A land marked by its rivers

This Stage, the shortest on La Hoya de Huesca Nature Trail, joins together the towns of Casbas de Huesca and Bierge, enabling it to link up to the Nature Trail of El Somontano de Barbastro in the vicinity of El Salto de Bierge. Along this 8.6 km route, you will cross and walk beside several rivers, such as the Formiga, the Isuala and the Alcanadre, which cross the Sierra of Guara perpendicularly from north to south, forming deep valleys on their way.

Una antigua fuente se conserva en el interior del monasterio cisterciense de Nuestra Señora de la Gloria en Casbas de Huesca

To begin this Stage, you must leave the designated rest area at the entrance to the town of Casbas de Huesca. Heading towards the town, you will come to the Cistercian monastery of Nuestra Señora de la Gloria, a group of several buildings where a beautiful 12th-century Romanesque façade is maintained as well as a 15th-century cloister and the Renaissance Abbey’s Palace. On this monastic site, several infrastructures relating to water use, such as an old fountain with a lowered arch and a washhouse next to it, have also been preserved.

After this recommendable visit, return to the trail by crossing the town and, on the outskirts, turn off by taking a dirt track on the left towards Bierge. Here, you will enjoy the characteristic landscape of this region of Huesca, where the cereal plain is interspersed with Holm oak trees (Quercus ilex), offering a beautiful, colourful mosaic, with the Sierra of Guara dominating the horizon.

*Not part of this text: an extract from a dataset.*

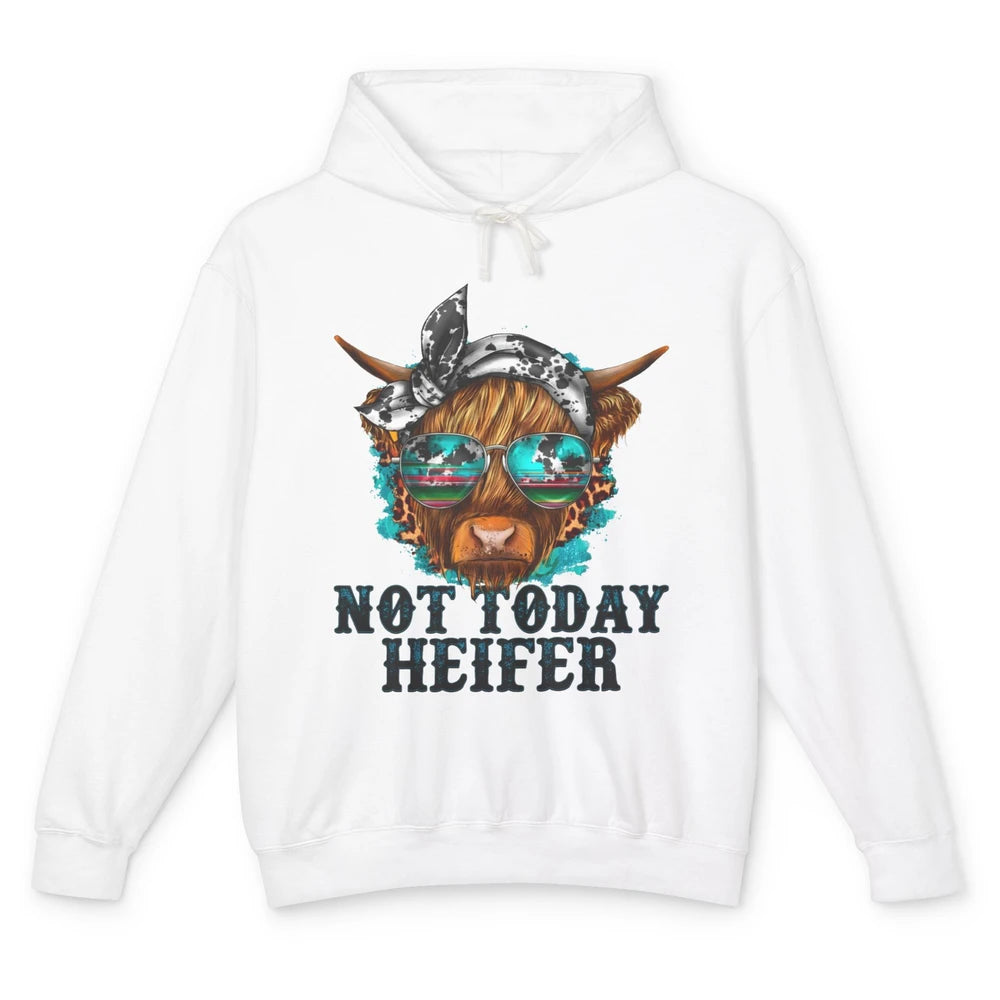 Leopard Highland Cow Sunglasses Not Today Heifer Western Cow Unisex Lightweight Hoodie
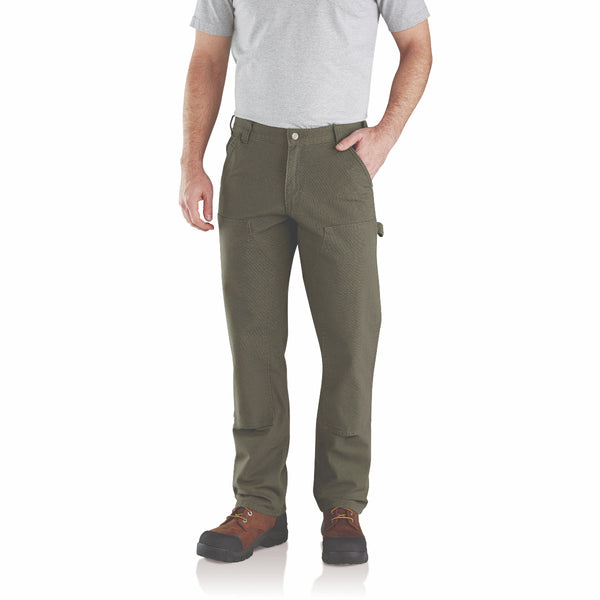 Carhartt 103334-316 Men's Relaxed Straight Rugged Flex Duck Double-Front Dungaree  - Moss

Some metres before the irrigation canal stream, after walking close to 1 km, leave the path on the right, passing next to an estate with some vineyards. Some metres further ahead, the path forks and you should continue along the one on the left. Level with the 18th-century chapel of San José, located on a sandstone hillock, you should take the signposted fork to the left and carry on along the path among olive (Olea europaea) and oak trees until you come to a wooden railing where the trail turns into a path and you begin walking down to the River Formiga.

This winding descent across the hillside offers beautiful views of the region and of the ravine of the River Formiga, with steep rocky sandstone sides. Walking down through a beautiful oak grove, comprising species such as strawberry tree (Arbutus unedo), junipers(Juniperus communis), kermes oaks (Quercus coccifera), gorse(Genista scorpius), honeysuckles(Lonicera sp.), prostrate Canary clover (Dorycnium pentaphylum), and lavender (Lavandula sp.), there are different sections of railing and wooden steps in the steepest areas until you come to a track that leads you to a walkway that enables you to cross the River Formiga, which some metres further on pours its waters into the River Alcanadre.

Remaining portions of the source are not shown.